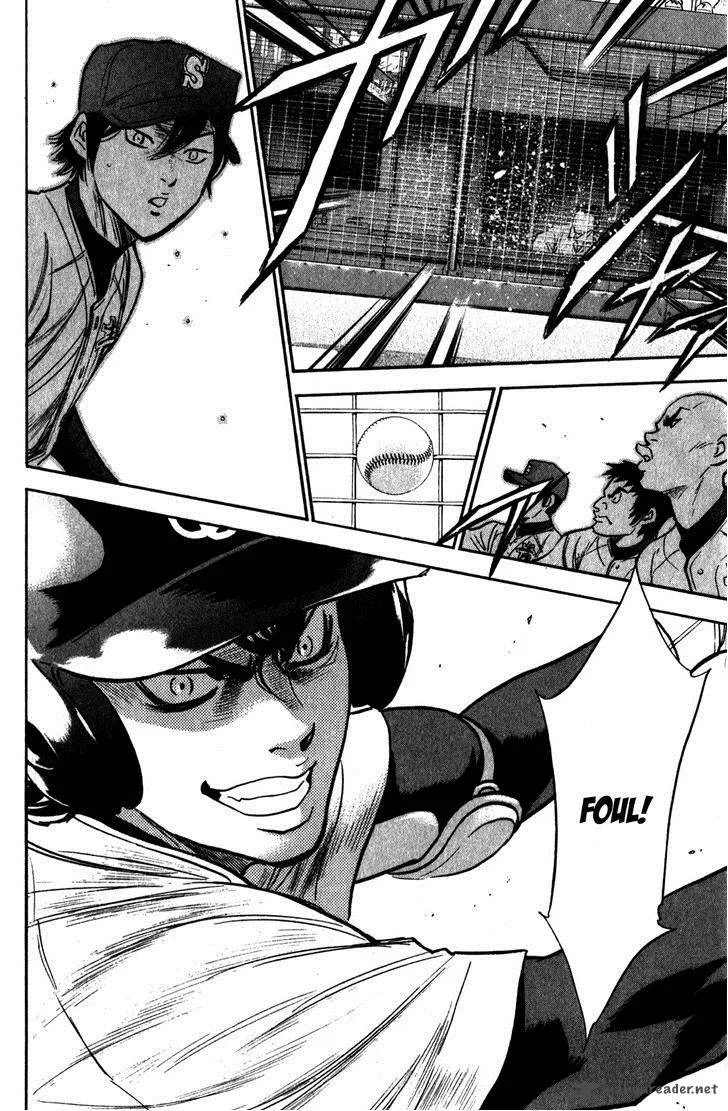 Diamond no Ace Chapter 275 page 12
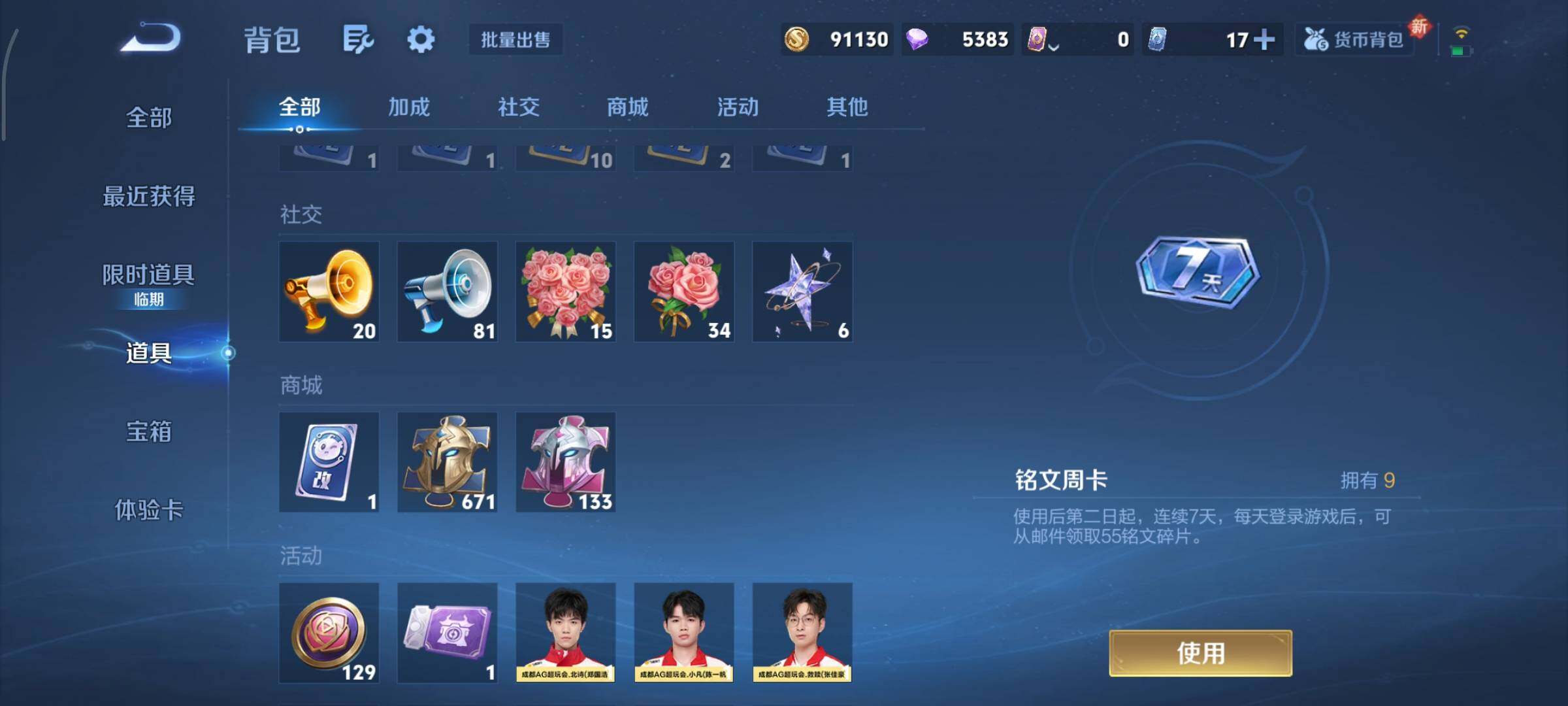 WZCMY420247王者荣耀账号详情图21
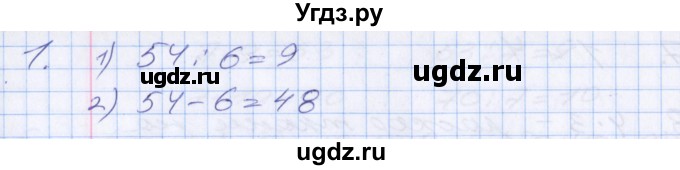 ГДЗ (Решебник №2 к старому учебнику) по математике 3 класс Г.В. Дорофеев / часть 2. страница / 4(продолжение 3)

▸ **DIRECTIONS**:
Repeat the data above word for word, without pictures.

▸ **OUTPUT OF THE TASK**:
 Diamond no Ace Chapter 275 page 12
 WZCMY420247王者荣耀账号详情图21
 ГДЗ (Решебник №2 к старому учебнику) по математике 3 класс Г.В. Дорофеев / часть 2. страница / 4(продолжение 3)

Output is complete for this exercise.